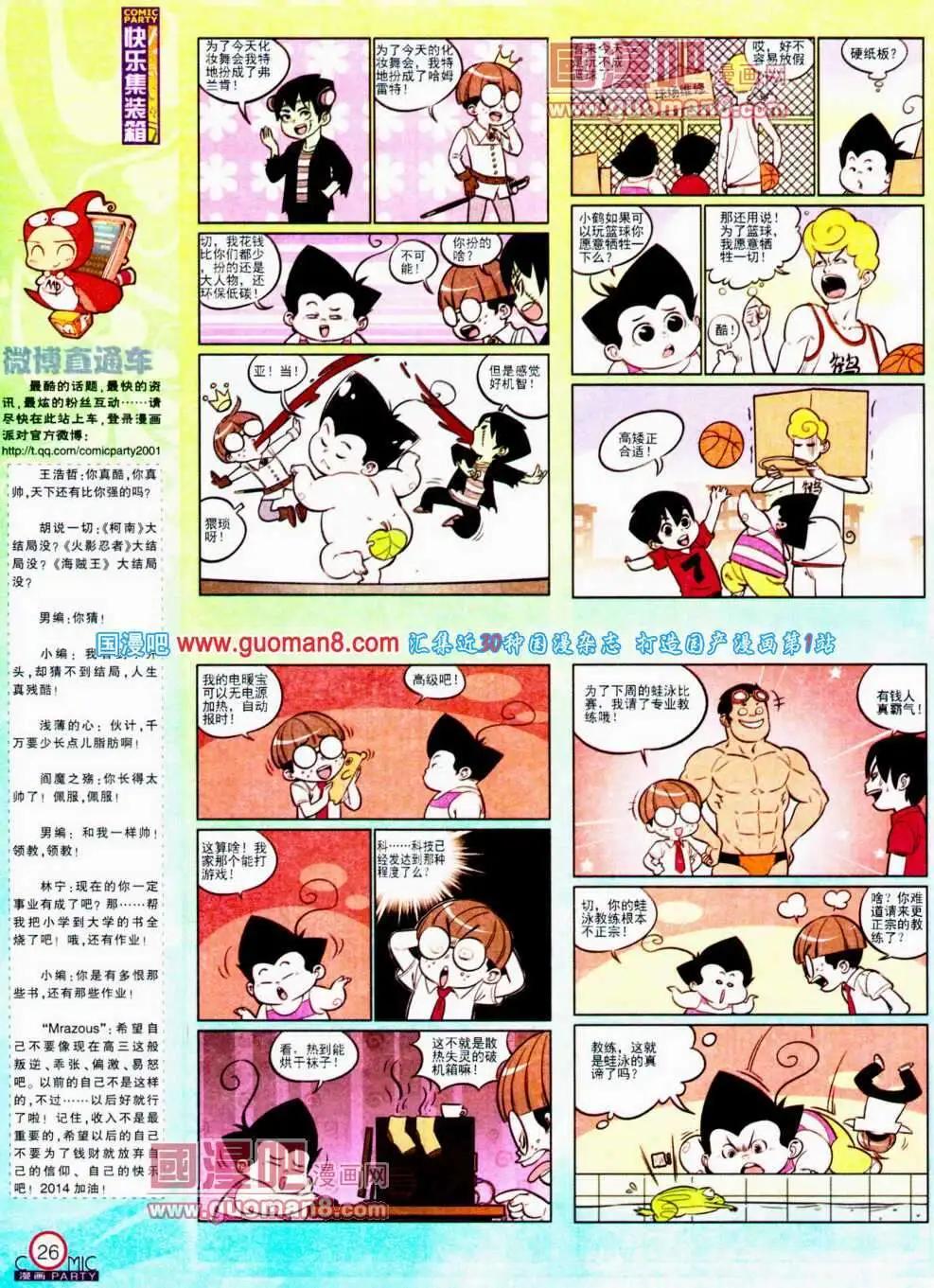 🍟漫画派对 第192期 全本 第28页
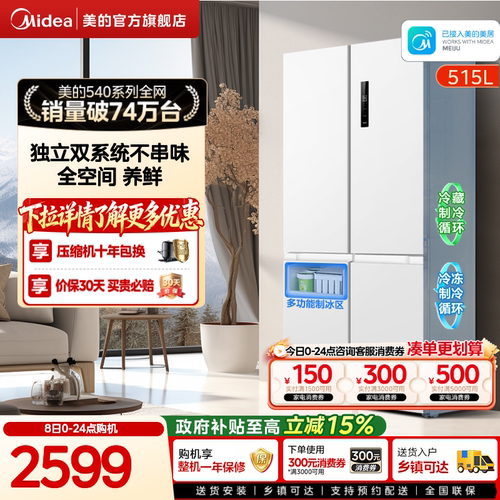 美的540双系统双循环十字对开双开四门风冷无霜冰箱家用带制冰盒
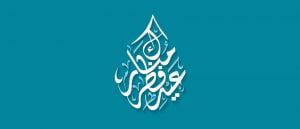 عید سعید فطر مبارک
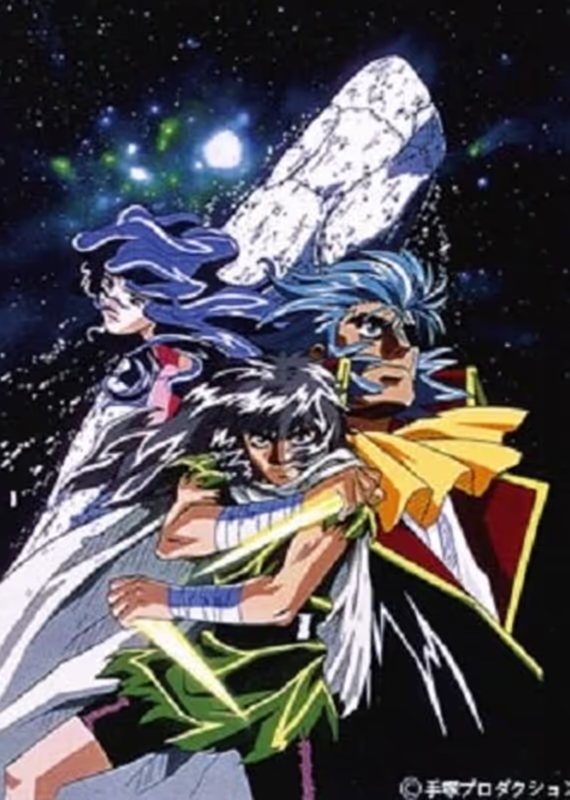 Легенда о Белом Ките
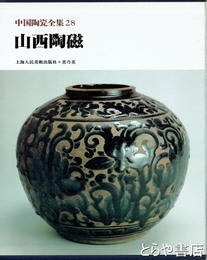 山西陶磁　中国陶瓷全集２８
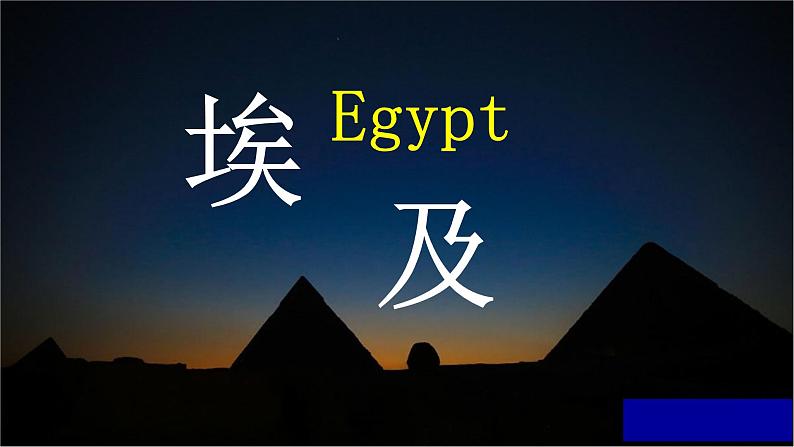 8.2埃及课件2021—2022学年七年级地理下册湘教版第1页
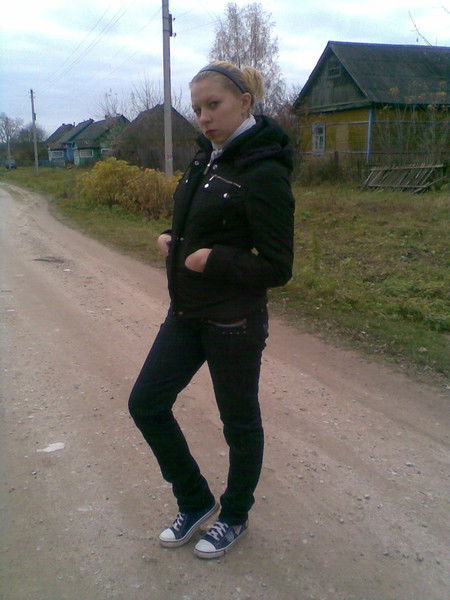 Наташа Ахрамович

━━━━━━━━━━━━━━━━━━━━━━━━━━━━━━

> EXERCISE BRIEF
Having located the line with "美的540双系统双循环十字对开双开四门风冷无霜冰箱家用带制冰盒", transcribe exactly and only the lines from it to the final line of the material, skipping the pictures.

> ANSWER AREA
 美的540双系统双循环十字对开双开四门风冷无霜冰箱家用带制冰盒
 عید سعید فطر مبارک
 Легенда о Белом Ките
 山西陶磁　中国陶瓷全集２８
 8.2埃及课件2021—2022学年七年级地理下册湘教版第1页
 Наташа Ахрамович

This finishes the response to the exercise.